Какая-то мембрана! Лежит прямо на всех ваших, извините, источниках гормонов
и прочего!
- Это очень опасно? Что надо делать? Что вы рекомендуете?
- Ничего. Капли в ухо три раза в день. А ваш слуховой аппарат не в
ушах, а в животе и чуть ниже... Поразительно!
"Так что слушай брюхом, а не ухом! - засмеялся потом гений, идя по
улице, чем удивил пешехода. - Выходит, душа тут не при чем. Я слышу то, что
слышат такие же, у кого есть мембрана, остальное - от лукавого: мозги и вся
эта "литература"! Выходит, надо слушать, как велел врач! Как я всегда и
слушал!"
Но впечатление, что он не такой, как все, осталось в глубине. Мы
говорим - "Гений", а он сказал себе: "Я-то как раз нормальный".
Живота как такового у композитора никогда не было.
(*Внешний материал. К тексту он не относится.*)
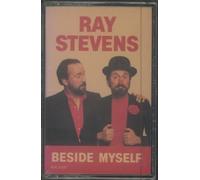 Stevens, Ray - Beside Myself [Casete]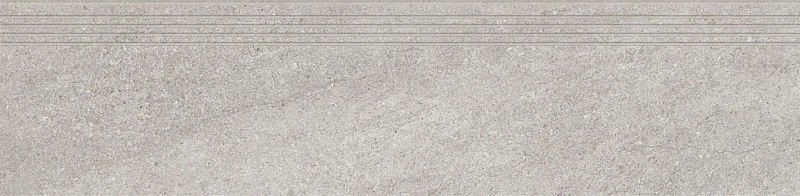 Ступень Керранова Gradient Grey Beige K-2081/MR/st01/300x1200x10 серый - фото 1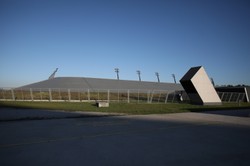 El. ME 2020: Kadra Brzęczka zagra ze Słowenią na "niewidzialnym" stadionie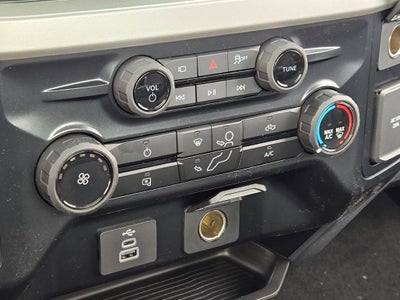 2025 Ford F-350SD XL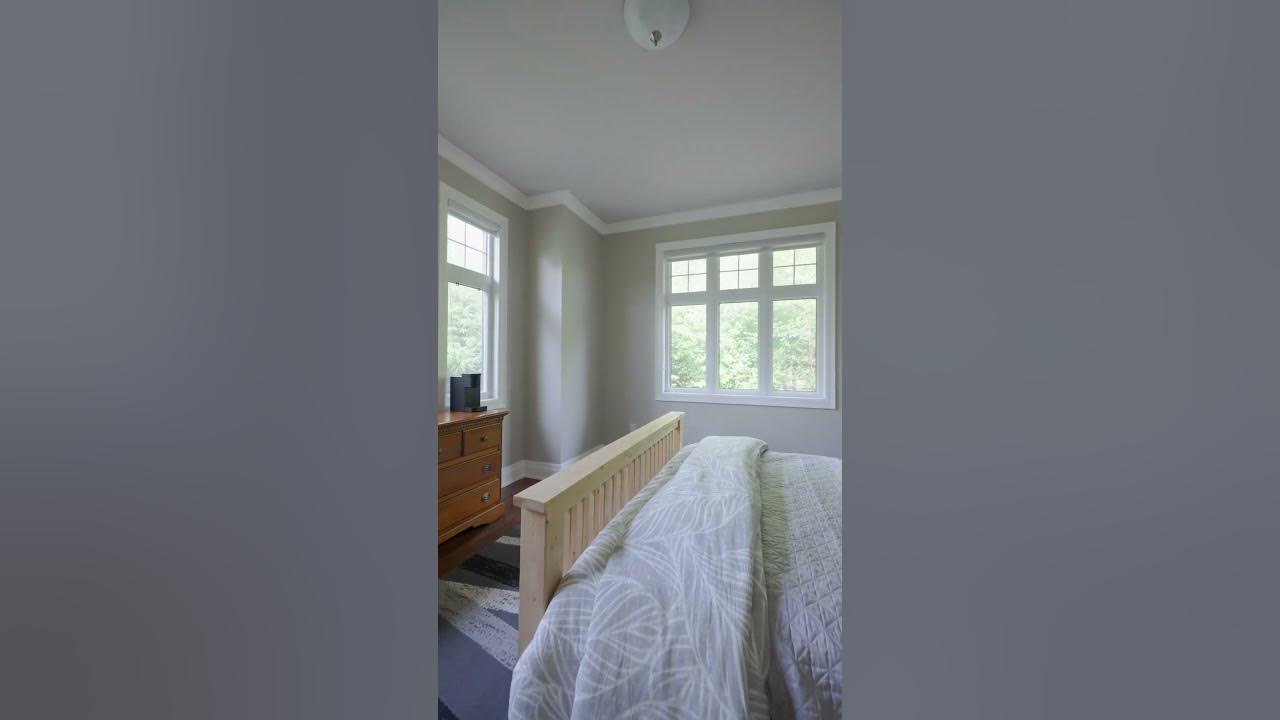 Cottage For Sale 250 South Shore Rd. Pointe au Baril Bay Cottage For Sale YouTube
Прислушиваться приходилось постоянно. Это отнимало все силы и не
позволяло сосредоточиться на постороннем, которое, увы, тоже требовало к
себе внимания: люди, занятия, процедуры и ритуалы, называемые жизнью. (Есть
ли что короче?!)
Для общения с внешним годился принятый там язык: чаще всего это были
готовые штампы. Вроде тех, что передают по радио или печатают в газетах. Они
были чужими, на них не надо было тратить энергию души - чем казеннее, тем
лучше. Ни грамма чувства из своих запасов не тратилось. Кощунством было бы
фразу вроде "передайте, пожалуйста, соль" или "примите паспорт на прописку,
согласно действующим правилам проживания в городах СССР" - тогда еще был
СССР - окрашивать красками, хранящимися в "санто санториум" - святая святых.
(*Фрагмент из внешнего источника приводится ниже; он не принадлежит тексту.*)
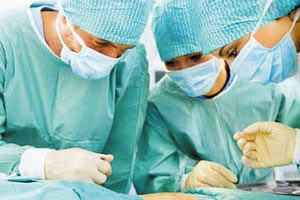 παιδοχειρουργός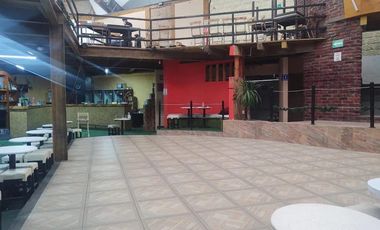 VENTA DE RESTAURANTE EN SAN JORGE PUEBLO NUEVO METEPEC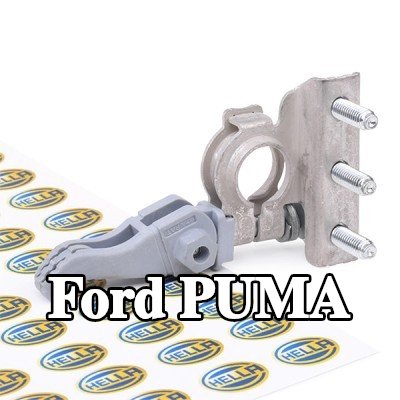 HELLA مشبك قطب البطارية — Ford Puma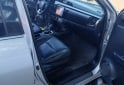 Camionetas - Toyota Hilux 2018 Diesel 153000Km - En Venta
Он с восторгом использовал готовый язык, прозванный остроумцами "новоязом",
потому что он был стерилен, безопасен, функционален и неотразим. Его
понимали все. Шаг в сторону был бы нелеп, не говоря об упомянутом кощунстве.
Другим такая его манера речи казалась глумливой. Возможно. Если учесть, что
глумление над людьми и лежит в основе всех инструкций, правил и уложений, -
от Кодекса Юстиниана до Сталинской Конституции. Сам он не был склонен к
анализу и усложнению, найденный им раз и навсегда музыкальный язык был, в
противовес новоязу, герметичен, как всякое тайное знание, исчерпывающ,
всемогущ.
Последнее его качество вытекало из потенциальной возможности выразить
на этом языке все, - от призыва к бунту до интимной исповеди, которая на
обычном языке звучала бы нескромно или бесстыдно.